A lei de Organização da Justiça Federal (lei Federal 5.010/96) indica em seu art. 62, inciso I, que “serão feriados na Justiça Federal, inclusive nos tribunais superiores: I – os dias compreendidos entre 20 de dezembro e 6 de janeiro, inclusive”. A lei de Organização Judiciária do Distrito Federal repete o mesmo texto (lei 11.697/08, art. 60¹), o que se encontra em inúmeras outras leis de organização judiciária país afora², bem como nos regimentos internos, portarias e resoluções de tribunais pátrios.

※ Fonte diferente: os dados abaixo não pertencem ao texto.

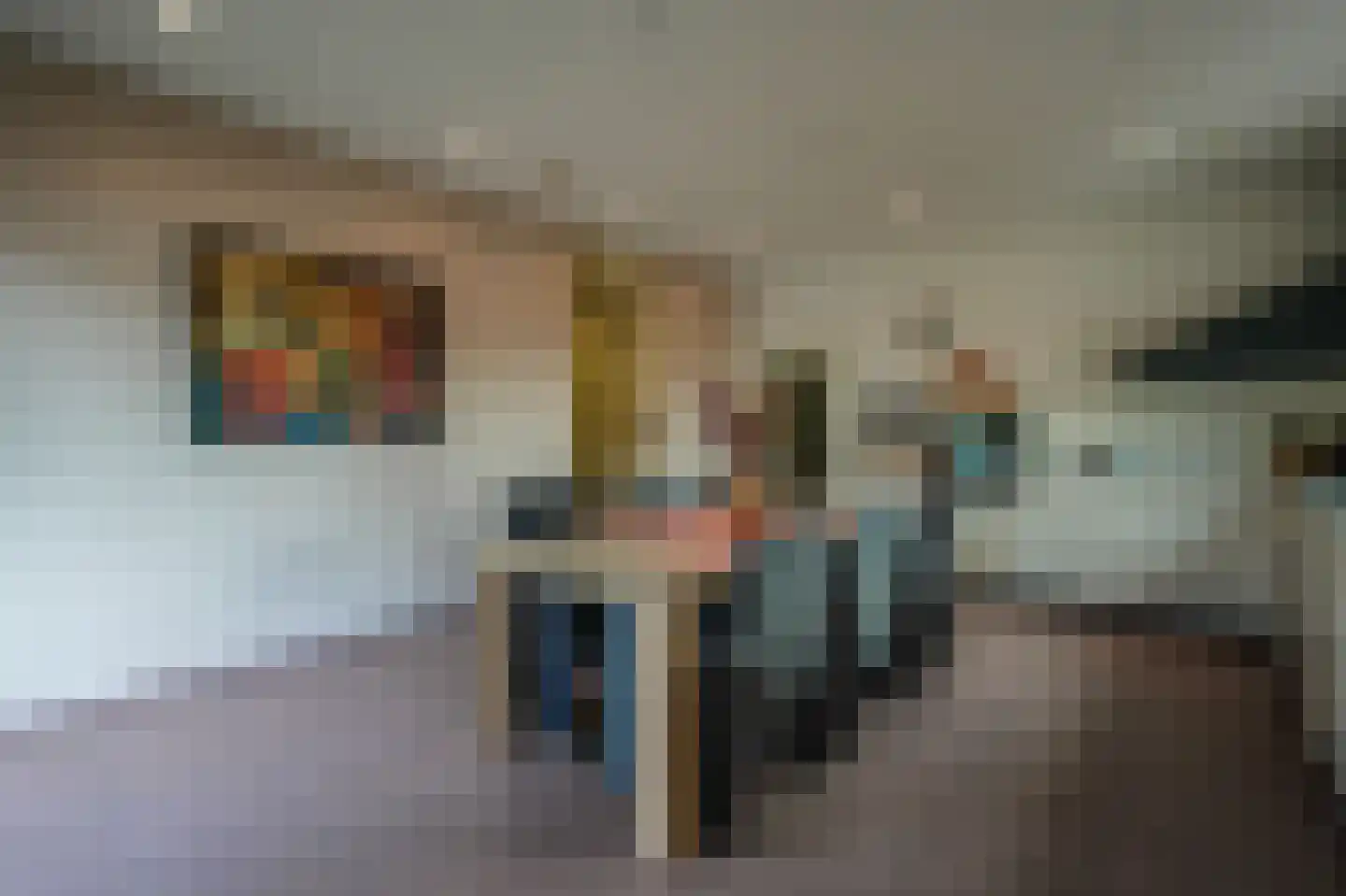 Dommelstraat 30 Oss thumbnail 19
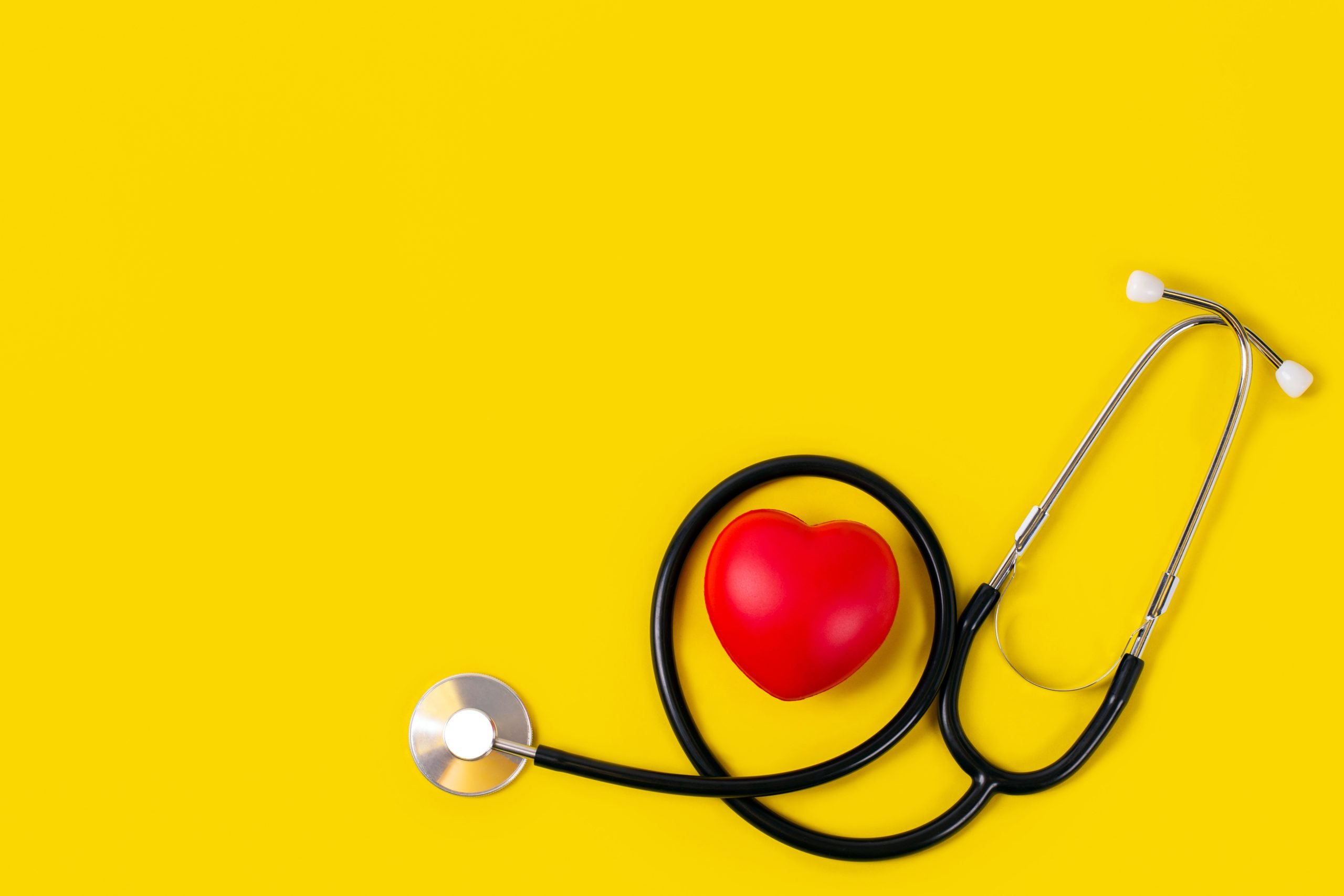 The Therapeutic Order: At the Heart of Healing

Como se observa, o Código de Processo Civil indica que os prazos processuais estão suspensos entre 20 de dezembro e 20 de janeiro, inclusive. Já as citadas leis de organização judiciária (portarias, resoluções e regimentos internos) dizem que será feriado o período entre 20 de dezembro a 6 de janeiro, inclusive. O que isso tem de importante para fins de contagem de prazos?
O Superior Tribunal de Justiça³ tem entendido que as leis de organização judiciária citadas indicam que, a partir do dia 7 de janeiro, reiniciam-se as atividades internas dos tribunais com a prática de atos processuais, como publicação e intimação. Isso ocorre em razão da disposição expressa constante do § 1º do art. 220 do CPC no sentido de que os juízes, os membros do Ministério Público, da Defensoria Pública, da Advocacia Pública e os auxiliares da Justiça exercerão suas atribuições normalmente, ressalvadas as férias individuais e os feriados instituídos por lei. Assim, embora os prazos estejam suspensos por todo o período de 20 de dezembro a 20 de janeiro, por força do caput do art. 220 do CPC, as publicações podem ocorrer normalmente nesse período.
E aí mora o perigo.
Se a disponibilização da decisão ocorreu no Diário de Justiça durante o feriado previsto no art. 62, inciso I, da lei 5.010/96, considera-se que ela foi publicada no primeiro dia útil seguinte ao dia 6 de janeiro (art. 224, § 3º, CPC), permanecendo suspenso os prazos até o dia 20 de janeiro (art. 220, caput, do CPC). O termo a quo para a contagem dos prazos, portanto, é o primeiro dia útil subsequente a 20 de janeiro, ou seja, dia 21 de janeiro.
Exemplificando: considerando o dia 7 de janeiro como data da publicação, o prazo recursal se inicia no dia 21 de janeiro, primeiro dia útil após a suspensão do prazo do art. 220 do CPC (art. 224, § 3º, do CPC). Ou seja, não se pode considerar o dia 21 de janeiro como data da publicação e o início do prazo no dia 22 de janeiro. Deve-se entender que a publicação ocorreu em 7 de janeiro e, portanto, o prazo recursal se inicia no primeiro dia após a suspensão do prazo do art. 220 do CPC, i.e., dia 21 de janeiro e não dia 22 de janeiro.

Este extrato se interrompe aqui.